> PROBLEM
Down to the last line, set down the material below exactly; skip the pictures.

> SUPPLIED DATA
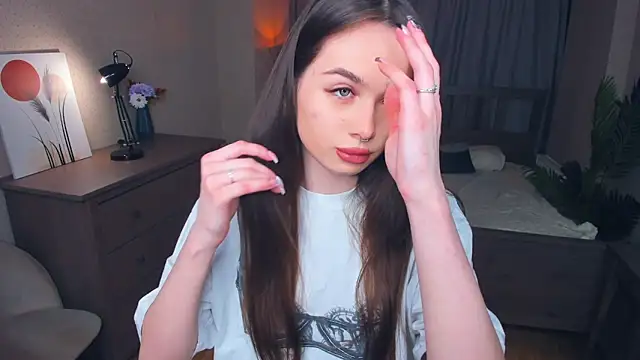 YvonneRobes online show from February 4, 7:09 pm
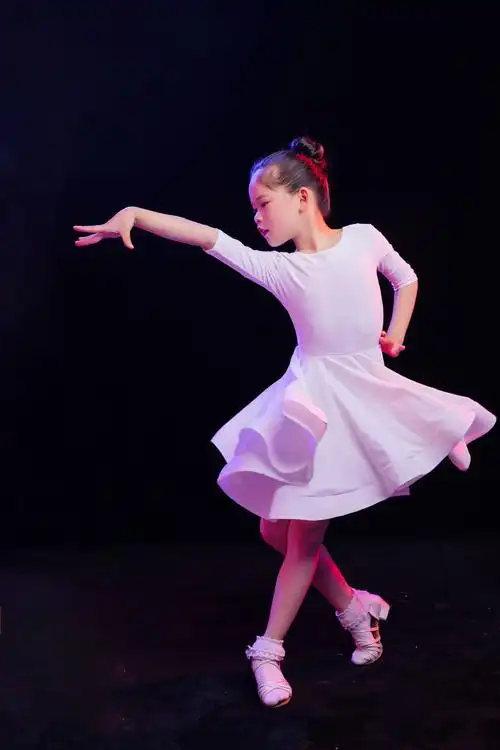 摄影师--阿超的儿童摄影作品《拉丁舞拍摄》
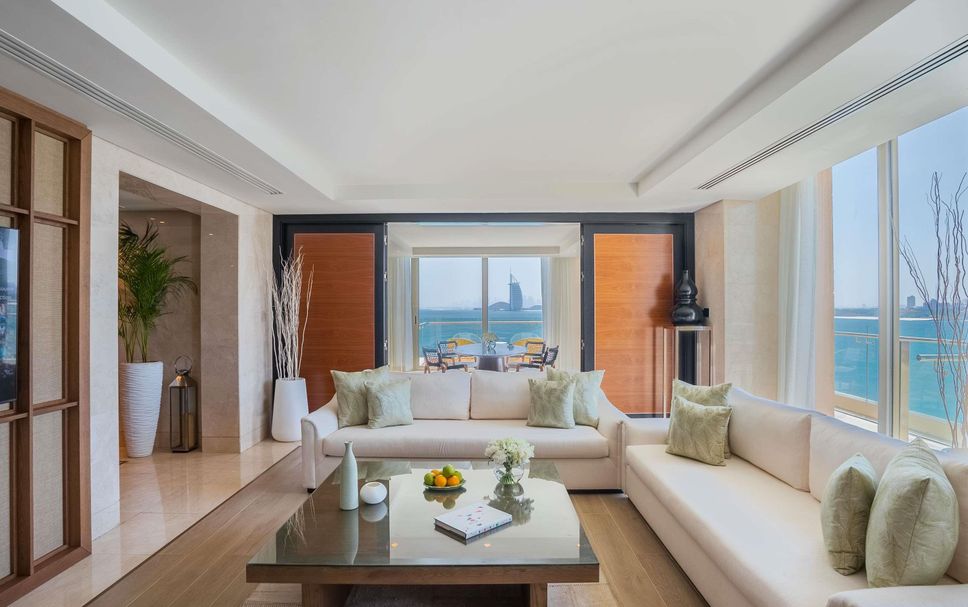 リビングルーム 写真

> SOLUTION TO THIS TASK
 YvonneRobes online show from February 4, 7:09 pm
 摄影师--阿超的儿童摄影作品《拉丁舞拍摄》
 リビングルーム 写真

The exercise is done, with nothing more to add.